According to the United Nations, around four million of Iraq’s 26 million people have fled the violence, including those who left before the 2003 US-led invasion. An estimated 1.4 million went to Syria and 750,000 to Jordan.
A senior Education Ministry official told AFP that up to 50,000 Iraqi pupils were expected to enroll in state schools this year after Jordan scrapped demands that they have residency permits. But Mohammed Akur warned that the newcomers would “definitely add more burdens to our infrastructure and operational costs,” with overcrowding a major problem in schools, particularly in Amman.
Akur said the ministry was building new schools, and added that some “might have to work two shifts” because there are often as many as 50 pupils to a class.
Jordan has said sheltering some 750,000 Iraqis who have fled the violence in their home country cost the tiny desert kingdom around one billion dollars a year, and it has urged the international community to provide more direct aid. Basem Janabi, a former political science professor at Baghdad university, hailed Amman’s decision to open up state schools to Iraqi children.
“We really appreciate Jordan’s efforts and we are grateful, but we hope that the government will also give the children temporary residency permits,” said Janabi, who also registered two of his four children in a state school.
Last month, the UN High Commissioner for Refugees and the children’s fund UNICEF appealed for $129 million so 155,000 Iraqi children in Syria, Jordan, Egypt and Lebanon could attend school in the new academic year.
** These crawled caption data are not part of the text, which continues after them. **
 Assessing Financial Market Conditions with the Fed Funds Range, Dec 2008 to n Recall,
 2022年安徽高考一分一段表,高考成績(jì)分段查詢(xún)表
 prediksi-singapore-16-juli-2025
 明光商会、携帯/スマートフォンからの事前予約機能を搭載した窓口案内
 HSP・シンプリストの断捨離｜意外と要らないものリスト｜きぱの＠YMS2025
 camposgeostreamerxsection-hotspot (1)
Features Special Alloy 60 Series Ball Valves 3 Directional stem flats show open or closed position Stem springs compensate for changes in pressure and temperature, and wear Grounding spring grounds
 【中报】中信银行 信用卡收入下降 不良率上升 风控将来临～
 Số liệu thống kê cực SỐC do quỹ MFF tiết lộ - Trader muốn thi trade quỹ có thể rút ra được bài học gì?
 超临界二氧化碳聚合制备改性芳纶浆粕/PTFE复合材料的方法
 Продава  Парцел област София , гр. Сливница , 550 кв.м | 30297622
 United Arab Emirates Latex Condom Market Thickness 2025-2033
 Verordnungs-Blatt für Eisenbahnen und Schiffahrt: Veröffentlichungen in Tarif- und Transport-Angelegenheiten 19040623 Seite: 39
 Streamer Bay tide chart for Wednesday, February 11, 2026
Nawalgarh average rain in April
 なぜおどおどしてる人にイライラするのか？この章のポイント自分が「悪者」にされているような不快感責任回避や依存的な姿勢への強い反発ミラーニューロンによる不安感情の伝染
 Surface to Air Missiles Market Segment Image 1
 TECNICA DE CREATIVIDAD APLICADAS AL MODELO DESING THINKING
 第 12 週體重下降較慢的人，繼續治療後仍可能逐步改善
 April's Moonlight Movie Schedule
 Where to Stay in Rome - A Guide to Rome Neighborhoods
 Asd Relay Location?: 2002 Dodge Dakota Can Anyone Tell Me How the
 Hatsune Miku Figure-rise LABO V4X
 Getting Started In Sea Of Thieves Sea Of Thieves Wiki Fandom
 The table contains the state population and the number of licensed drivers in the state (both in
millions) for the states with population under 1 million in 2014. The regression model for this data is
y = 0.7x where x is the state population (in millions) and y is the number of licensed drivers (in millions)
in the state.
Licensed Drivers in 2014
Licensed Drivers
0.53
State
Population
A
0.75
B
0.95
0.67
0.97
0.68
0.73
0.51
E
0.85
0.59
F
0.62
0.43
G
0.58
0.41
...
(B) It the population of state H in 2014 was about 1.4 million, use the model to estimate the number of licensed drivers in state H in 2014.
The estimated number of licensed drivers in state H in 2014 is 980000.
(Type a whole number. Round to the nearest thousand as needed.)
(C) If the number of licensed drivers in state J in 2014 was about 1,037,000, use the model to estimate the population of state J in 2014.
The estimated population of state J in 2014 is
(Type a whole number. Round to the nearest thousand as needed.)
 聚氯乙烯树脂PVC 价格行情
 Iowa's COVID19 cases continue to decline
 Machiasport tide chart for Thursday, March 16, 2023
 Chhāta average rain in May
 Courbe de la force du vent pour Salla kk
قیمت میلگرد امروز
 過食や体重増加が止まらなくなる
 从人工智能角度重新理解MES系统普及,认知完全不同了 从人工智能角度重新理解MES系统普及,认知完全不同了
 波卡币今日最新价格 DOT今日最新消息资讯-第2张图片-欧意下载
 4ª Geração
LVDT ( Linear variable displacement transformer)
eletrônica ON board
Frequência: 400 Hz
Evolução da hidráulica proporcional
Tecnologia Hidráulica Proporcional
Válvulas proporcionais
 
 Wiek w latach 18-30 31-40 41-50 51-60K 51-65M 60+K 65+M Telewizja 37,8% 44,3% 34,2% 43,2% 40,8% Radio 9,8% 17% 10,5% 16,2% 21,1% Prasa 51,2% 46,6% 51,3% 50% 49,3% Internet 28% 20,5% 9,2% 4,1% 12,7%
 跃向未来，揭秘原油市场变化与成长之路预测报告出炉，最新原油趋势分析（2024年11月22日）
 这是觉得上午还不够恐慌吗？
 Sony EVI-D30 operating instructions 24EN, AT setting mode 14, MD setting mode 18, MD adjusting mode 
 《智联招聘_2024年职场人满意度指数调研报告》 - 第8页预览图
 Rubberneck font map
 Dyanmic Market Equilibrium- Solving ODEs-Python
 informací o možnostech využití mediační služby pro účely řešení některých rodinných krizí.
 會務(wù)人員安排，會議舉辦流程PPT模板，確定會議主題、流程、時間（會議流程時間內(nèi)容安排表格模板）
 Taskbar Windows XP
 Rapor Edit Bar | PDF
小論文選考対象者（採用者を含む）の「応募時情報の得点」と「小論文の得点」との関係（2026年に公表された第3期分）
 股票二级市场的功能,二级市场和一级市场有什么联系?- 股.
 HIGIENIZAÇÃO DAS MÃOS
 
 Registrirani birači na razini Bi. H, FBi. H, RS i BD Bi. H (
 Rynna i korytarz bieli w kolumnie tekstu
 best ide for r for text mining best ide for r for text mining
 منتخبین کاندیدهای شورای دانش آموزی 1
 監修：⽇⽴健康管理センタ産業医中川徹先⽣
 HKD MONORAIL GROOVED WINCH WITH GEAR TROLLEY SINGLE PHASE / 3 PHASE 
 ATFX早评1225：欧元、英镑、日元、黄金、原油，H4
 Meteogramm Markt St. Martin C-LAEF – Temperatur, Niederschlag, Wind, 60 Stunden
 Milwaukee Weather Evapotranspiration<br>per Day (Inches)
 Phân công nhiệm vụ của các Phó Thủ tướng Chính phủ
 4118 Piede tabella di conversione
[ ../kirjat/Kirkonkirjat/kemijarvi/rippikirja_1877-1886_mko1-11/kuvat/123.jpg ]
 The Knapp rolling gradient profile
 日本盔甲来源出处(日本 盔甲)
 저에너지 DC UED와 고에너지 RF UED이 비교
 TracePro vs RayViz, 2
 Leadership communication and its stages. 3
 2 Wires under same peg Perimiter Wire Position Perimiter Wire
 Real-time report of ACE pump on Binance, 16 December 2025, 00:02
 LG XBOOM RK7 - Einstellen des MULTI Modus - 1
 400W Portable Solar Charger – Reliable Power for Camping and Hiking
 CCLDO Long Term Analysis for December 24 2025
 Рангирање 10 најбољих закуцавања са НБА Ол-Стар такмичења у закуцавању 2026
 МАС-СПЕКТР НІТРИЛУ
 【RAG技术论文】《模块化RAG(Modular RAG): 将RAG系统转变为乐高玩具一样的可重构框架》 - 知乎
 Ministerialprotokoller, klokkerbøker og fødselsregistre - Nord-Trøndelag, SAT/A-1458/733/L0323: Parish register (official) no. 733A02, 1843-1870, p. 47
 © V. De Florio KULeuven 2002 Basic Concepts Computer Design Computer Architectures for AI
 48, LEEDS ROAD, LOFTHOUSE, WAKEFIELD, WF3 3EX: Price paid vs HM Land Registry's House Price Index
A UNHCR representative in Amman lauded Jordan’s efforts and said both his agency and UNICEF will provide the authorities with textbooks and train teachers.
But Peter Janssen cautioned that “the number of 50,000 students is very optimistic, very ambitious. “Now we need help in finding ways of getting the message out to people that they can send their children to school, because we understand that a lot of Iraqis either don’t know about this or they may not trust the circumstances,” he said.